> [Problem requirements]
Exact reproduction of all the data is needed.

> [Supplied records]
**********

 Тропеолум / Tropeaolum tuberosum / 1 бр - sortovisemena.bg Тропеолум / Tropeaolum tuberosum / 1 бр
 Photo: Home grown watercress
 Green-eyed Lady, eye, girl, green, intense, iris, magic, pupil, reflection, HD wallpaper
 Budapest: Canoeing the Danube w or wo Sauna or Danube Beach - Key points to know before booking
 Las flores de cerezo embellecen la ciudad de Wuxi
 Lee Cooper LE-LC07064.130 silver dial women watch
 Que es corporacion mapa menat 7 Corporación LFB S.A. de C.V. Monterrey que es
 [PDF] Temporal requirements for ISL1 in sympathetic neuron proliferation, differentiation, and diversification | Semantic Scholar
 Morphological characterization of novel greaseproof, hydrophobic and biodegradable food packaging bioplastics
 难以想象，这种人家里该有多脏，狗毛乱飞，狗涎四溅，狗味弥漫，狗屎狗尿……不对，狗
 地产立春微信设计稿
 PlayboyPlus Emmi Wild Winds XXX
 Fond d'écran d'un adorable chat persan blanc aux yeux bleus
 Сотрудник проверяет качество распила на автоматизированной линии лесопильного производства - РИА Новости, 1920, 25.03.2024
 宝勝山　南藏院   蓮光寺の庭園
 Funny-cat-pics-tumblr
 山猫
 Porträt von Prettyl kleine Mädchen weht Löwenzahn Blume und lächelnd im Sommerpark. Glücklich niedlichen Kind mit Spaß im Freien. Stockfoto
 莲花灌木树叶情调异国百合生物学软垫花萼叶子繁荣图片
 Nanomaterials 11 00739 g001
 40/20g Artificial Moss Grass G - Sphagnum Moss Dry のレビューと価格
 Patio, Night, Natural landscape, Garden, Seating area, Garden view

**********

> [Exercise result]
 Тропеолум / Tropeaolum tuberosum / 1 бр - sortovisemena.bg Тропеолум / Tropeaolum tuberosum / 1 бр
 Photo: Home grown watercress
 Green-eyed Lady, eye, girl, green, intense, iris, magic, pupil, reflection, HD wallpaper
 Budapest: Canoeing the Danube w or wo Sauna or Danube Beach - Key points to know before booking
 Las flores de cerezo embellecen la ciudad de Wuxi
 Lee Cooper LE-LC07064.130 silver dial women watch
 Que es corporacion mapa menat 7 Corporación LFB S.A. de C.V. Monterrey que es
 [PDF] Temporal requirements for ISL1 in sympathetic neuron proliferation, differentiation, and diversification | Semantic Scholar
 Morphological characterization of novel greaseproof, hydrophobic and biodegradable food packaging bioplastics
 难以想象，这种人家里该有多脏，狗毛乱飞，狗涎四溅，狗味弥漫，狗屎狗尿……不对，狗
 地产立春微信设计稿
 PlayboyPlus Emmi Wild Winds XXX
 Fond d'écran d'un adorable chat persan blanc aux yeux bleus
 Сотрудник проверяет качество распила на автоматизированной линии лесопильного производства - РИА Новости, 1920, 25.03.2024
 宝勝山　南藏院   蓮光寺の庭園
 Funny-cat-pics-tumblr
 山猫
 Porträt von Prettyl kleine Mädchen weht Löwenzahn Blume und lächelnd im Sommerpark. Glücklich niedlichen Kind mit Spaß im Freien. Stockfoto
 莲花灌木树叶情调异国百合生物学软垫花萼叶子繁荣图片
 Nanomaterials 11 00739 g001
 40/20g Artificial Moss Grass G - Sphagnum Moss Dry のレビューと価格
 Patio, Night, Natural landscape, Garden, Seating area, Garden view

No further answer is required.